- _The task_
Repeat all the data that appears below, keeping it exact.

- _Stored data_
* * * * * * * * *
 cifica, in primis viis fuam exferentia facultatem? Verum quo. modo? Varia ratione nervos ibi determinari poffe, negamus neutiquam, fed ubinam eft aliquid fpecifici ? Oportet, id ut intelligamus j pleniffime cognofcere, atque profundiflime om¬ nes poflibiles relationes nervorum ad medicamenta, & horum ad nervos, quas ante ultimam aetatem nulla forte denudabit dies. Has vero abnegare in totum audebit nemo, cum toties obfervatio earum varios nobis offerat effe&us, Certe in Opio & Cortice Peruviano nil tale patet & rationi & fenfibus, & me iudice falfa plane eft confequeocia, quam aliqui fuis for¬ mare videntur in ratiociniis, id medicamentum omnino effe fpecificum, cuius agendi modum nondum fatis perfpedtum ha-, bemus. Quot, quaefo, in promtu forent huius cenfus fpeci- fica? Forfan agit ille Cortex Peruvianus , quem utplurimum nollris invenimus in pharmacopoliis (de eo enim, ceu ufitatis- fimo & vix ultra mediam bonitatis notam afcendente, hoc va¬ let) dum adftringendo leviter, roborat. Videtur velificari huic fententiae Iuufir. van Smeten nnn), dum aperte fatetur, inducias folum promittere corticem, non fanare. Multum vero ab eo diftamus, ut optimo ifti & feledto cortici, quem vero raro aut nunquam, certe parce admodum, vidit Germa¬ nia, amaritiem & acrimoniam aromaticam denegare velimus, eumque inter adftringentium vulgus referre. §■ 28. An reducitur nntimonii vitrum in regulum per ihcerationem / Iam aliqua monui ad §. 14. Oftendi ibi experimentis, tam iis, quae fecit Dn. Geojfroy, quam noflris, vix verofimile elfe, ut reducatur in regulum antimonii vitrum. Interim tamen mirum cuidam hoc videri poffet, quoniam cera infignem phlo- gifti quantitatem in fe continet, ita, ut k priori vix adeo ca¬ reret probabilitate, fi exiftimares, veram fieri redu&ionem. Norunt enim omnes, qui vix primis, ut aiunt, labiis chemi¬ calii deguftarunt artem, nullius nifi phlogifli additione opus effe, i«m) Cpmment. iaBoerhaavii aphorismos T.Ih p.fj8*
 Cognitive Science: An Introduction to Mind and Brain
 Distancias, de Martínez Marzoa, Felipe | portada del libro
* * * * * * * * *
- _Solution_
 cifica, in primis viis fuam exferentia facultatem? Verum quo. modo? Varia ratione nervos ibi determinari poffe, negamus neutiquam, fed ubinam eft aliquid fpecifici ? Oportet, id ut intelligamus j pleniffime cognofcere, atque profundiflime om¬ nes poflibiles relationes nervorum ad medicamenta, & horum ad nervos, quas ante ultimam aetatem nulla forte denudabit dies. Has vero abnegare in totum audebit nemo, cum toties obfervatio earum varios nobis offerat effe&us, Certe in Opio & Cortice Peruviano nil tale patet & rationi & fenfibus, & me iudice falfa plane eft confequeocia, quam aliqui fuis for¬ mare videntur in ratiociniis, id medicamentum omnino effe fpecificum, cuius agendi modum nondum fatis perfpedtum ha-, bemus. Quot, quaefo, in promtu forent huius cenfus fpeci- fica? Forfan agit ille Cortex Peruvianus , quem utplurimum nollris invenimus in pharmacopoliis (de eo enim, ceu ufitatis- fimo & vix ultra mediam bonitatis notam afcendente, hoc va¬ let) dum adftringendo leviter, roborat. Videtur velificari huic fententiae Iuufir. van Smeten nnn), dum aperte fatetur, inducias folum promittere corticem, non fanare. Multum vero ab eo diftamus, ut optimo ifti & feledto cortici, quem vero raro aut nunquam, certe parce admodum, vidit Germa¬ nia, amaritiem & acrimoniam aromaticam denegare velimus, eumque inter adftringentium vulgus referre. §■ 28. An reducitur nntimonii vitrum in regulum per ihcerationem / Iam aliqua monui ad §. 14. Oftendi ibi experimentis, tam iis, quae fecit Dn. Geojfroy, quam noflris, vix verofimile elfe, ut reducatur in regulum antimonii vitrum. Interim tamen mirum cuidam hoc videri poffet, quoniam cera infignem phlo- gifti quantitatem in fe continet, ita, ut k priori vix adeo ca¬ reret probabilitate, fi exiftimares, veram fieri redu&ionem. Norunt enim omnes, qui vix primis, ut aiunt, labiis chemi¬ calii deguftarunt artem, nullius nifi phlogifli additione opus effe, i«m) Cpmment. iaBoerhaavii aphorismos T.Ih p.fj8*
 Cognitive Science: An Introduction to Mind and Brain
 Distancias, de Martínez Marzoa, Felipe | portada del libro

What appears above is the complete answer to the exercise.